Dissertation Abstract

My manuscript examines 1960s U.S. poetry and the anxieties produced by threats that mass-mediated communications posed to poetic language, consciousness, and the conditions of possibility for political dissent.  This historicist work draws on the theoretical work of Fredric Jameson, Herbert Marcuse, Friedrich Kittler, Guy Debord, and Cary Nelson, among others, to argue for a new understanding of the cultural and political functions of poetry at this politically volatile moment of late capital.

I show that the lyric, a genre popularly understood as short verse written in the first person that reveals something of the psychological state of its speaker, occupied a uniquely valuable literary-political position in the context of New Left psychopolitics. The use of New Critical reading strategies to exonerate Howl—which I explore through a close reading of the trial—marked a crucial transitional moment in which we can see criticism being deployed to legalize a new lyric poetry, a lyric whose insistence on frank discussion of the mind’s contents made possible the public exploration of individual consciousness that centered New Left politics in subsequent years.  Following the Howl trial the lyric seemed to be a privileged genre for plumbing and expressing the depths of one’s consciousness, and thus poetry became an essential literary form for the New Left.  The lyric became a legal space within which to explore aspects of consciousness that were formerly unutterable, and provided a form for the widespread communication of such exploration.

I argue moreover that the long tradition of imagining poetic language as transcendental, or somehow outside mediation, made poetry a site of intense interest as questions about mediation became increasingly political during the 1960s.  For some political poets, like Robert Duncan and Denise Levertov, poetry offered a problematic escape from vexing questions about the mediation of consciousness, and for others, such as Allen Ginsberg and Amiri Baraka, it offered a uniquely positioned place from which to interrogate new theories about how the mass media controlled consciousness.

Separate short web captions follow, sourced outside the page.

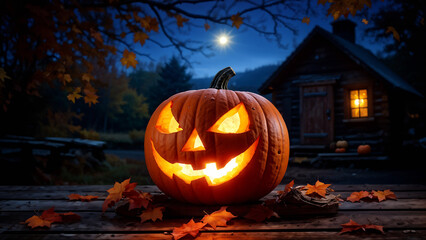 A Halloween pumpkin glowing in the night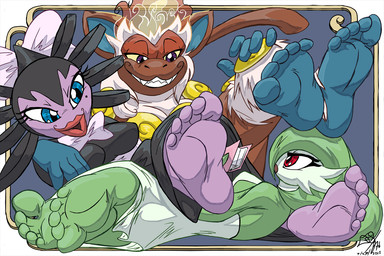 5_toes accessory alternative_fashion anthro blue_eyes bow_(feature) bow_accessory bow_ribbon breasts feet female fire foot_fetish foot_focus goth group hair_accessory hair_bow hair_ribbon hindpaw paws plantigrade purple_body purple_eyes red_eyes ribbons soles toes jammerhighwind nintendo pokemon gardevoir generation_3_pokemon generation_4_pokemon generation_5_pokemon gothitelle infernape mammal pokemon_(species) primate 2015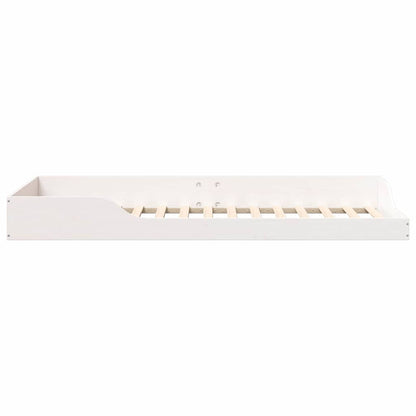 Floor Bed Frame White 100 x 220 cm Solid pine wood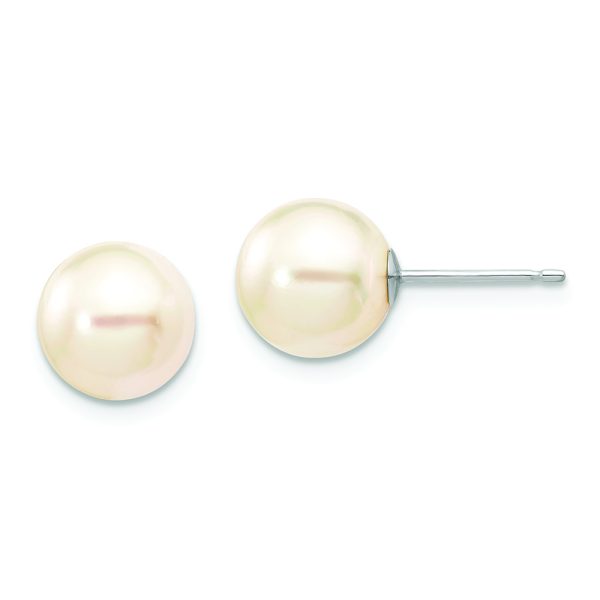 14K White Gold 8-9mm Round White Saltwater Akoya Cultured Pearl Earrings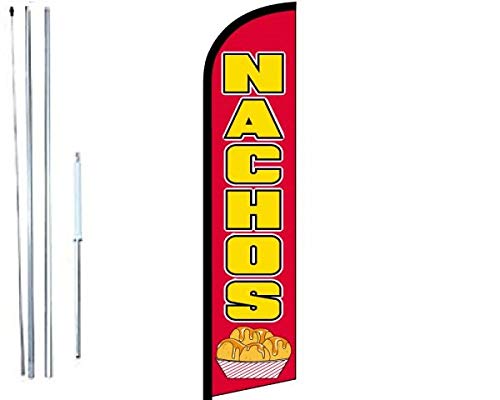 OnPoint Wares 3x11.5ft Nachos Feather Flag for Business - Complete Hybrid Pole Set | Outdoor Advertising Flag for Restaurants, Food Trucks & Events | Durable Custom Feather Banner for Promotions & Branding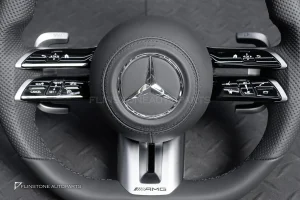 พวงมาลัยพร้อมAirbag สำหรับ W221 S-Class หนังดำ ด้ายดำ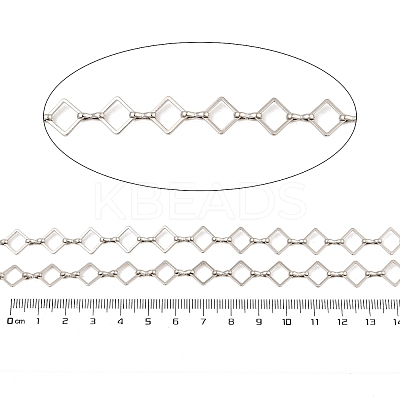 Rack Plating Rhombus Brass Link Chains CHC-M026-01P-01-1
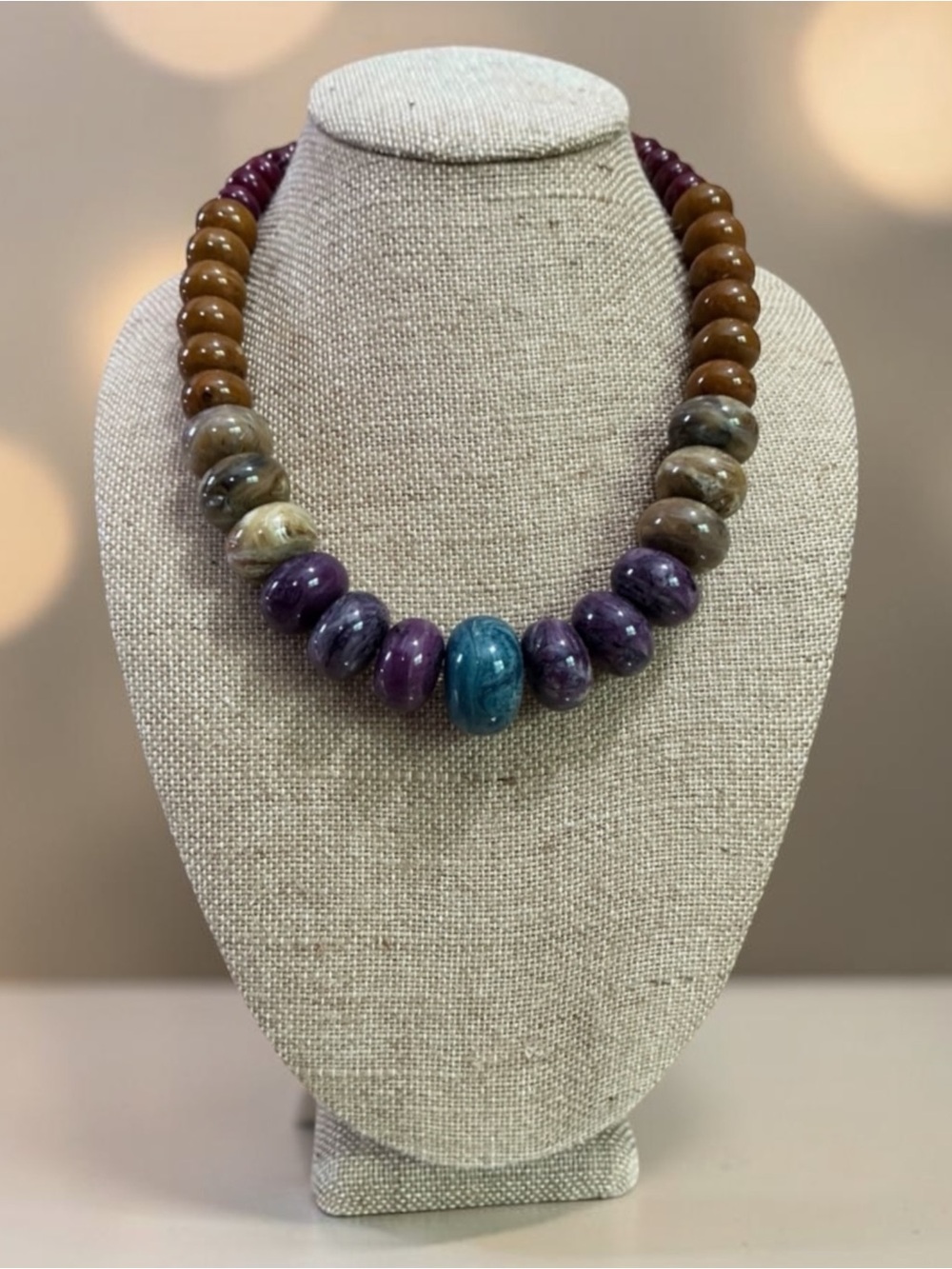 Multicolor Bead Statement Necklace - Purple, Teal & Amber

Despite these advantages, however, poetry as it had traditionally been published was poorly adapted for absorption into a mass-mediated culture increasingly reliant on both narrative and visuality.  These poets, therefore, created performative texts that were often marginalized from mass-mediated culture; this had political benefits, as poetry was the major literary genre most removed from the capitalist culture that the New Left critiqued, but it also presented practical problems, because political efficacy in a democracy is inevitably tied to breadth of communication. It is within this anxious space that I examine the media theories and poetic work of politically committed poets, from the well-known to the unknown.